Par Yves Chiron
Bernard Le Calloc’h, diplômé de l’INALCO (Langues’O), a enseigné au lycée français de Gödöllo, en Hongrie. Il a publié plusieurs ouvrages historiques en Hongrie et s’est intéressé à plusieurs « peuples en péril », titre d’une collection où sont parues les trois études qu’il a consacrées aux Csangos de Moldavie, aux Sicules et aux Sabbataires de Transylvanie (ouvrages recensés ici). Ses travaux lui ont valu d’être décoré de la Croix d’or de l’ordre du Mérite par le gouvernement hongrois.
Aujourd’hui, il publie une Histoire de la Hongrie qui, malgré son caractère synthétique, restera un ouvrage de référence, parce qu’il compte des compléments et des annexes qui occupent presque autant de place (p. 217-434) que le corps du récit lui-même. On trouve d’abord un index des noms qui est aussi, pour les personnages, un dictionnaire biographique. Puis un index locorum, qui donne la correspondance des toponymes en différentes langues (par exemple Vienne se dit Bécs en hongrois et Wien en allemand, le Danube est le Duna en hongrois, le Donau en allemand, etc.). Suivent six cartes de la Hongrie à différentes époques de son histoire, une chronologie en près de 60 pages !, une liste des souverains de Hongrie (dix dynasties, des Arpadiens, fin IXe siècle, aux Habsbourg-Lorraine de la fin du XVIIIe siècle au XXe siècle). On trouvera encore un glossaire, puis huit pages sur les grandes armoiries du « royaume stéphanique », et encore sept pages de chiffres et de statistiques. Sans oublier un très beau cahier photographique central, avec d’abondantes légendes.
Onze siècles d’histoire
Les origines les plus lointaines des Hongrois actuels sont difficiles à discerner. Bernard Le Calloc’h, qui est un spécialiste des langues finno-ougriennes, relève que « par sa langue, le peuple hongrois (…) se trouve en liens de parenté avec les finnois de Finlande, les Estoniens et les Lapons ». Sept tribus hongroises se sont réfugiées au IXe siècle dans la région qui va du Dniepr au bas Danube, pour échapper à la déferlante des Petchenègues venus d’Asie centrale. Une de ces tribus, la tribu Megyer, a pris la prépondérance sur les autres, d’où le nom de Magyars donné à cette population, dont le premier grand prince fut Arpad.

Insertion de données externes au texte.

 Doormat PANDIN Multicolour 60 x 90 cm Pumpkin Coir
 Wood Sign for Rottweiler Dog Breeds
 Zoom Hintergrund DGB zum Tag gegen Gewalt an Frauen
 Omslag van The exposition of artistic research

Le Calloc’h affirme : « La Hongrie est un Etat qui compte plus de onze siècles d’existence et qui, en plusieurs moments de son histoire, a joué un rôle capital sur l’échiquier diplomatique. Au Moyen Age, elle fut un royaume beaucoup plus étendu et beaucoup plus puissant que la France des Capétiens. » Plus puissante dans son aire d’influence peut-être, pas la première puissance d’Europe.
On pourra faire un autre petit reproche à l’auteur. A la fin de son évocation, très sobre, des tentatives de restauration, en 1921, de l’empereur Charles Ier (qui est le roi Charles IV pour les Hongrois), il écrit : « Découragé, le roi sans couronne émigre à Madère. » Non, il n’a pas « émigré ». Après avoir tenté de reprendre le pouvoir, il a été assigné à résidence dans un monastère puis emmené, sous escorte anglaise, vers son ultime destination. L’île de Madère fut son Sainte-Hélène.

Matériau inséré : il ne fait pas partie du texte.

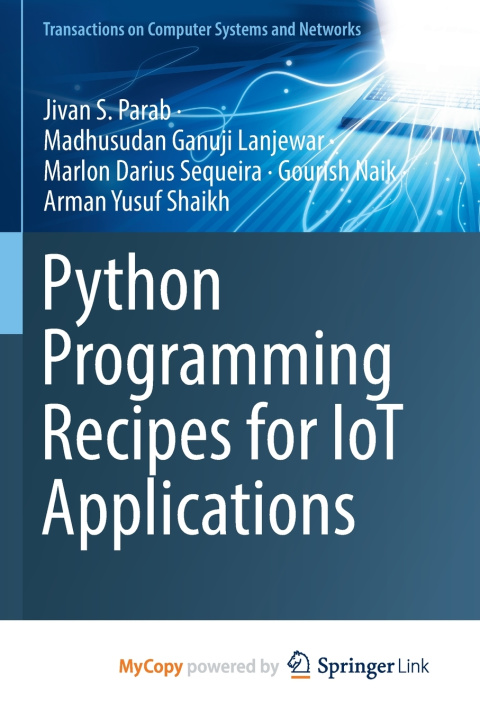 Kniha Python Programming Recipes for IoT Applications Jivan S. Parab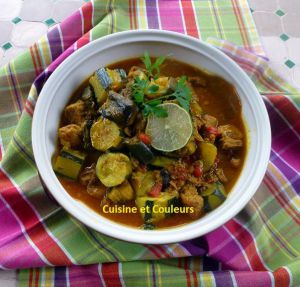 Recette Colombo de cochon aux bélangères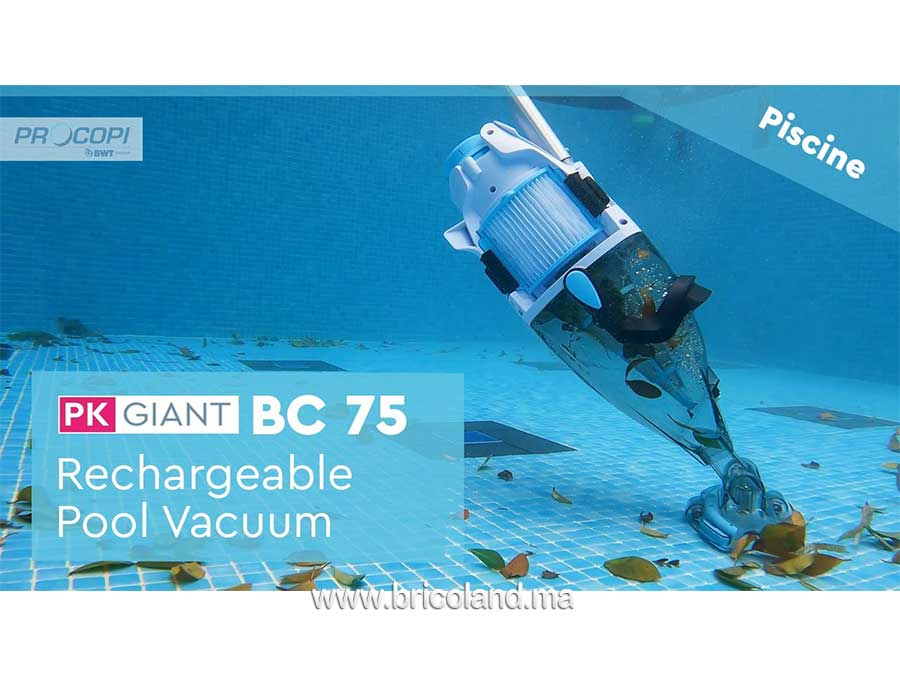 Balai Aspirateur PRO de piscine rechargeable sans fil PK GIANT max.35m³-16789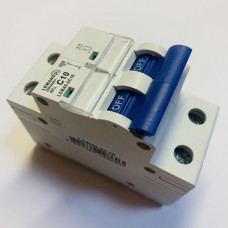 LCB45-2C10 автоматичний вимикач 10A 230V 2 полюси тип C 4.5kA малогабаритний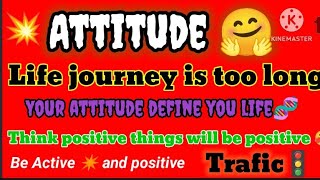 Think beautiful ❤️  things will be solved 💕  stay positive 🥰  your attitude define your life 🧬 [upl. by Brazee]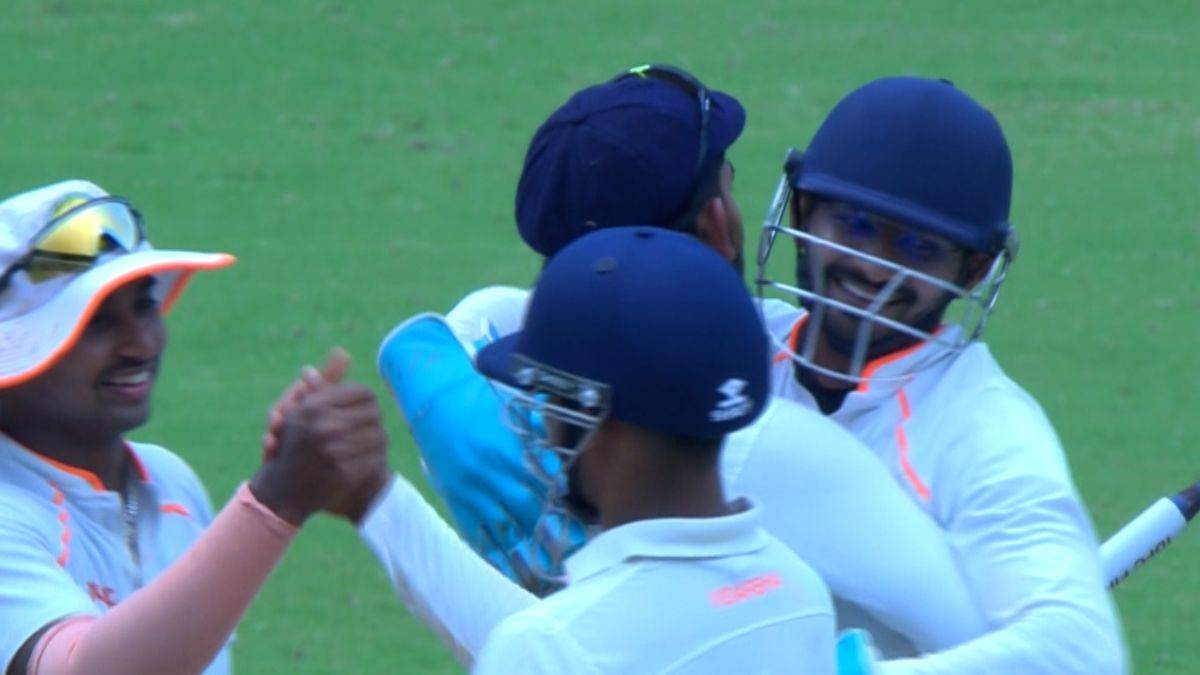 vidarbha beat rest of india to clicnch irani cup 3rd time yash dhull harsh dubey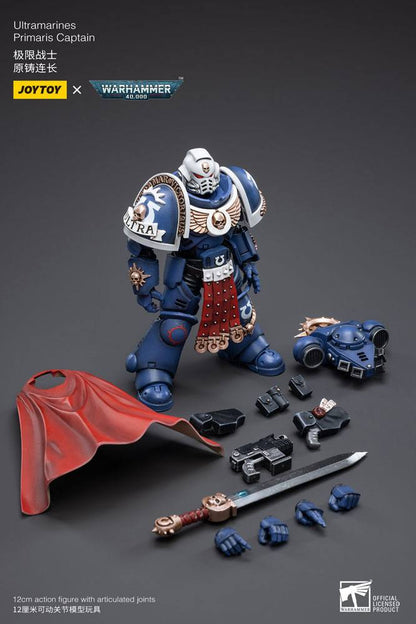 Warhammer 40k figurine 1/18 Ultramarines Primaris Captain 12 cm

L’évocation de la période communiste est plus exacte. Le Calloc’h rappelle le soutien militaire de la Hongrie communiste, « sans l’ombre d’une hésitation », à l’écrasement du « Printemps de Prague » en 1968. Il précise encore que, dans les années 70-80, le pouvoir s’appuie « sur à peine 5 % de la population ».
La Hongrie a connu une domination musulmane (un pacha turc résida à Buda de 1541 à 1686). De cette période, il ne reste que le mausolée de Gül Baba, dont l’auteur nous dit que « l’entretien du tombeau revient à la République de Turquie ». Le 2 septembre 1686, l’armée impériale de Léopold Ier (avec le soutien de Vénitiens) a libéré le fort de Buda après 145 années d’occupation turque.
• Bernard Le Calloc’h, Histoire de la Hongrie, éditions Armeline, 434 pages.